NTT東日本とNTT西日本が提供している「名称が似て仕様が異なるサービス」に,多くのユーザー企業が困惑している実態の一端が明らかになった。意図した契約が行えなかったのだ。一般窓口でサービスを申し込む際は特に注意が必要。サービス名称を正確に伝えるだけでなく,用途も明確に伝えることが混乱回避の鉄則だ。
東京に本社を構える建設会社のA社は,NTT東西地域会社のサービス仕様の違いに混乱したユーザーの1社だ。同社は主に「フレッツ・ADSL」を足回りに使い,NTT東西のIP-VPNサービス「フレッツ・オフィスワイド」で拠点間を結んでいる。
西日本地域のある拠点でADSLのスループットが十分ではなかったため,例外的に光ファイバを引くことにした。ところが,回線の敷設工事が終わってフレッツ・オフィスワイドに接続を試みたがつながらない。契約したアクセス回線が「フレッツ・光プレミアム」だったからだ。光プレミアムはA社が契約した2005年11月当時,フレッツ・オフィスワイドのアクセス回線に利用できなかったのだ。
一般窓口での申し込みが混乱の一因
フレッツ回線を契約する際に,A社は各拠点にいる一般社員が個別にNTT東西の一般窓口を通じて回線を申し込むことにしていた。拠点がフレッツ回線を利用するのは工事期間の間だけであり,そうした拠点は数百にも上る。このため,ネットワーク管理者が全社の需要を取りまとめ,NTT東西の営業担当に一括で申し込むという運用形態がなじまないからだ。結果的にこの運用体制も混乱の一因となった。

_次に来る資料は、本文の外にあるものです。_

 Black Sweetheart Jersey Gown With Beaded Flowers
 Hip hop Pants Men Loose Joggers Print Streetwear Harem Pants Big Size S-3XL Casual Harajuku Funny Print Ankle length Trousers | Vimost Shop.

A社の管理者は,拠点の担当者にフレッツ・オフィスワイドの足回りに利用できるBフレッツを申し込んでもらったつもりだった。一方,NTT西日本の一般窓口は光ファイバの申し込みがあると原則的にフレッツ・光プレミアムを推奨する方針を採っている。光プレミアムは月額料金がBフレッツと同額ながら,性能や使い勝手を高めているためだ。ルーター機能やファイアウォール機能を内蔵するCTU(加入者網終端装置)を標準で提供するなど,Bフレッツには見られない独自の付加機能も備えている(表1)。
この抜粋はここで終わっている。